Hodges also looked at last year's sixth-graders compared to this year's seventh grade -- a much more significant figure since that is how the state is this year looking at learning gains for the purpose of assigning school grades.
Those numbers gave Hodges a less-than-positive message, with reading dropping from 54 percent at sixth grade last year to 52 percent at seventh grade this year.
Hodges said the school already knew reading was an issue and was considering improvements such as adding a reading class every day along with the language arts curriculum.
At Inverness Primary School, Charles had done the same kinds of complex calculations and was pleased to see increases in each area in the numbers of students hitting the higher levels of achievement. The school had the highest writing scores in the district with the average score of 4.1 on a scale of 0 to 6. Only 5 percent of the students at the school did not hit the higher achievement levels.
"Is that phenomenal or what?" Charles said. "It just goes to show that it's worth the effort."
Crystal River Primary School principal Sandra Kennedy was thrilled to see her school's ranking in the county improve. "We're ecstatic at the progress that we've made," she said. "No one's been hogging the bottom like we have . . . It was nice to move up."
Kennedy credited hard work by staff and students alike, and she vowed that the improvement would continue.

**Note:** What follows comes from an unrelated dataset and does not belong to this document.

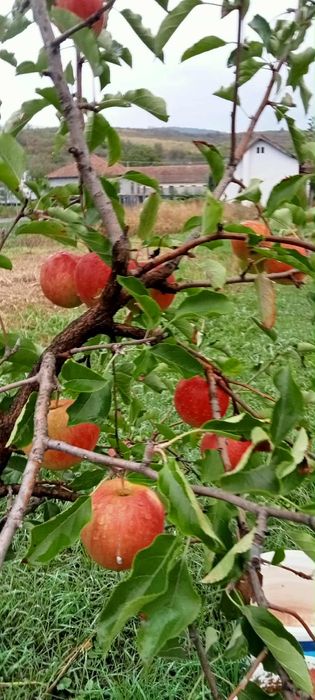 Casă in zonă viticola-Cuvin,  jud. Arad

Lane Vick, principal at Citrus Springs Elementary School, said she is anxious to see more information on the FCAT scores, especially how well her school served the lowest 25 percent of achievers. The state is also very interested in that number and will use it in calculating school grades in the coming weeks.
She was happy to see some reading gains at her school and noted "we have emphasized reading for the year and were hoping it would pay off. And it did."

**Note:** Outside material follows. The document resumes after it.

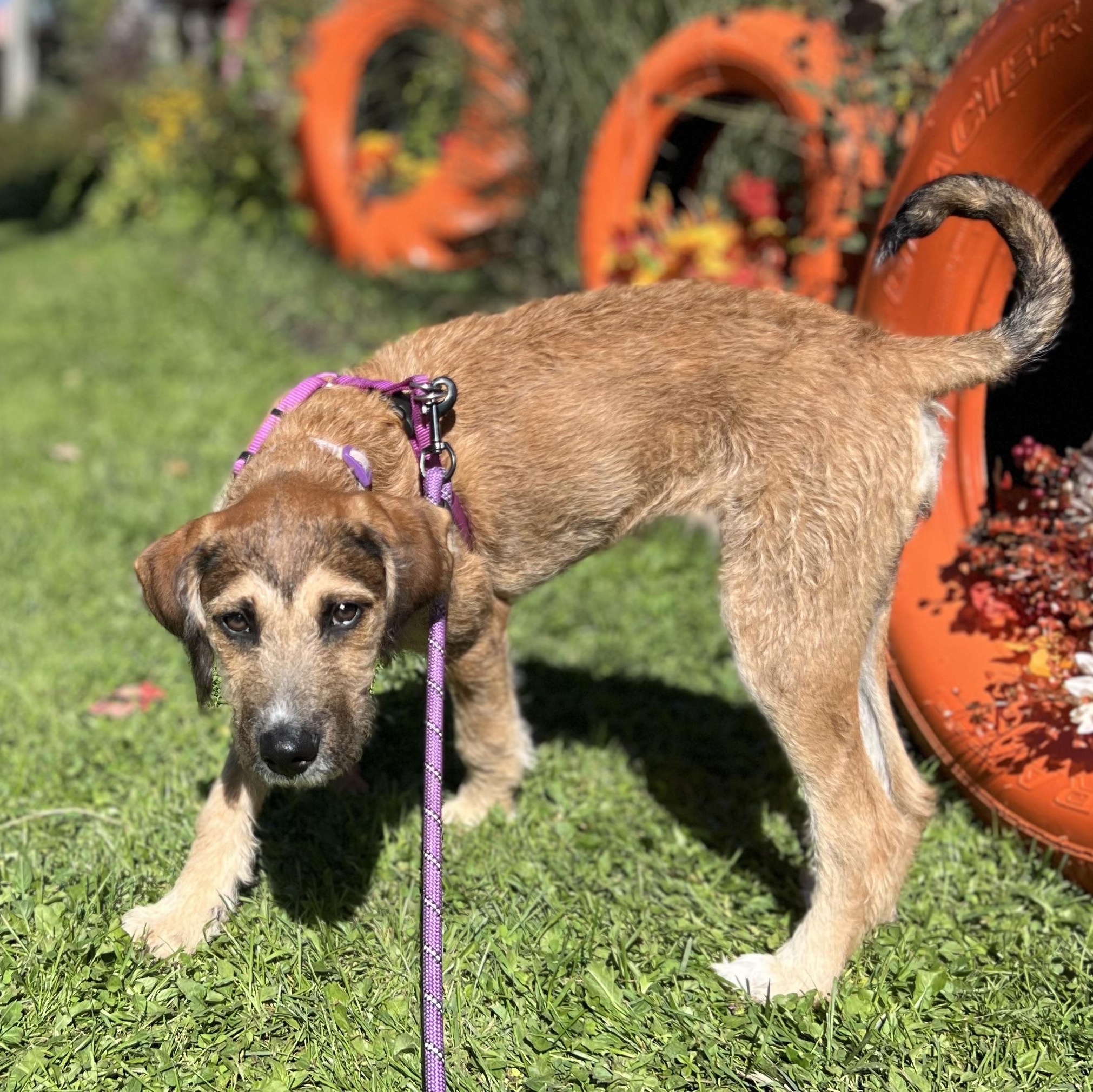 Enlarge Frankie, a Adoptable mixed breed in Springville, NY image 6/6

One plan being considered at Citrus Springs is to pull students out of class to work on the specific skills before returning to their regular setting. Vick acknowledged such planning is often logistically difficult.
A jump in writing scores was good news to Lecanto Primary School. "We've had a lot of inservice for the teachers, and we've tried to standardize from grade to grade . . . so there will be a standardized way of thinking without stifling the children's creativity," said principal Steve Guyler.

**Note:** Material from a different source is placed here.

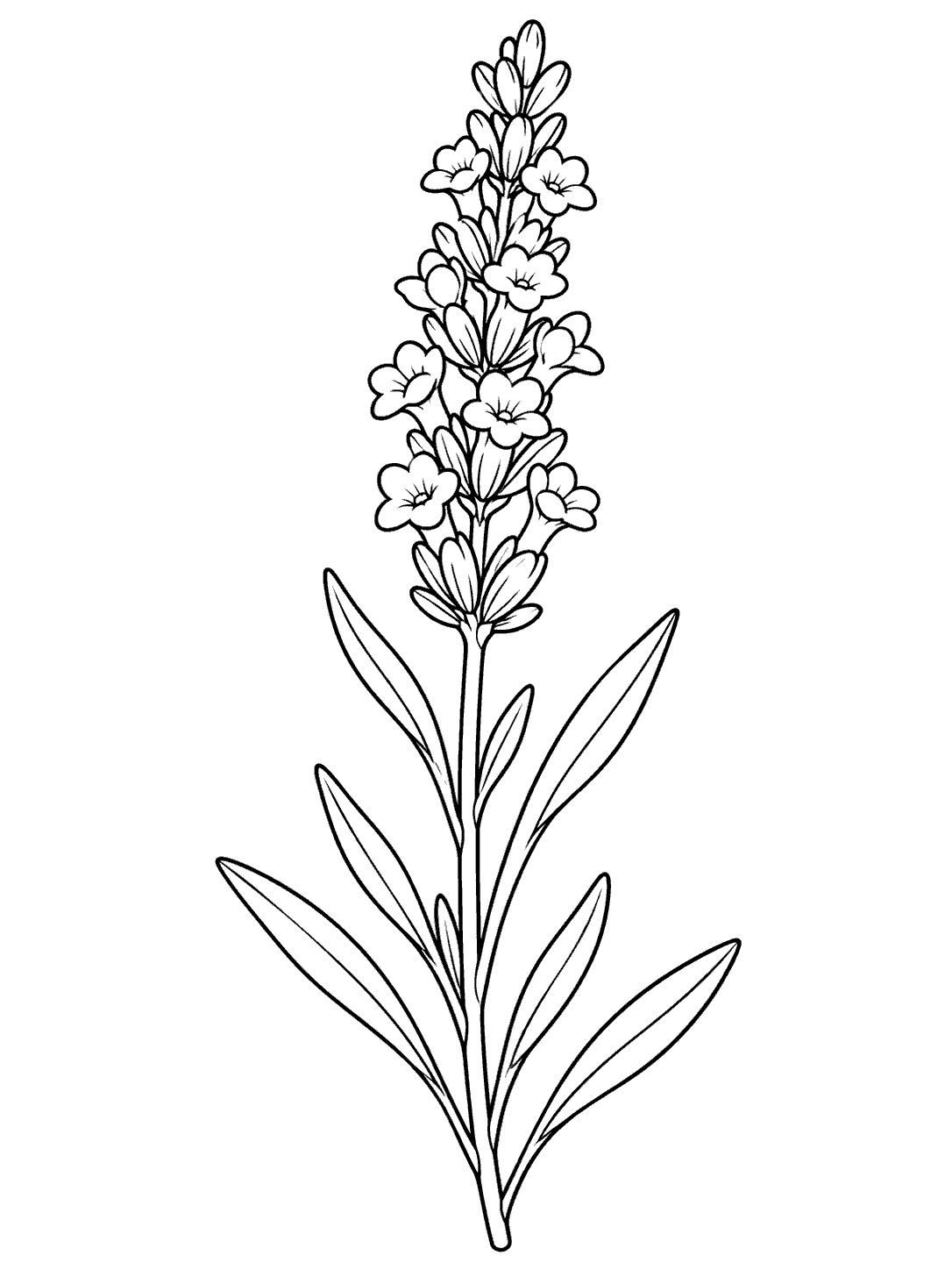 Lavender coloring page showing one tall upright flowering sprig with narrow leaves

Lecanto Primary was also below the district on fourth- and fifth-grade mean reading scores, but Guyler said he was hopeful that some plans in the works will help with that, including the adoption of reading textbooks, which will be standardized across the district next year.
As much as the other schools might dread the coming of school grades next month, that feeling may be deeper at Homosassa Elementary School, which is the only school in the district that received an A last year.
That designation is not likely to stick, as the school's scores dropped in five of seven areas. "We're disappointed in our math scores," said assistant principal Regina Allegretta. "We still have a lot of work to do."
Still, she said there was no reason to be disappointed.
"Our kids are learning. We have the in-house data that proves that," she said. "If the kids are learning something every day, and we're taking them from point A to point B to point C, then you've accomplished what you set out to do. They're learning what they need to be successful."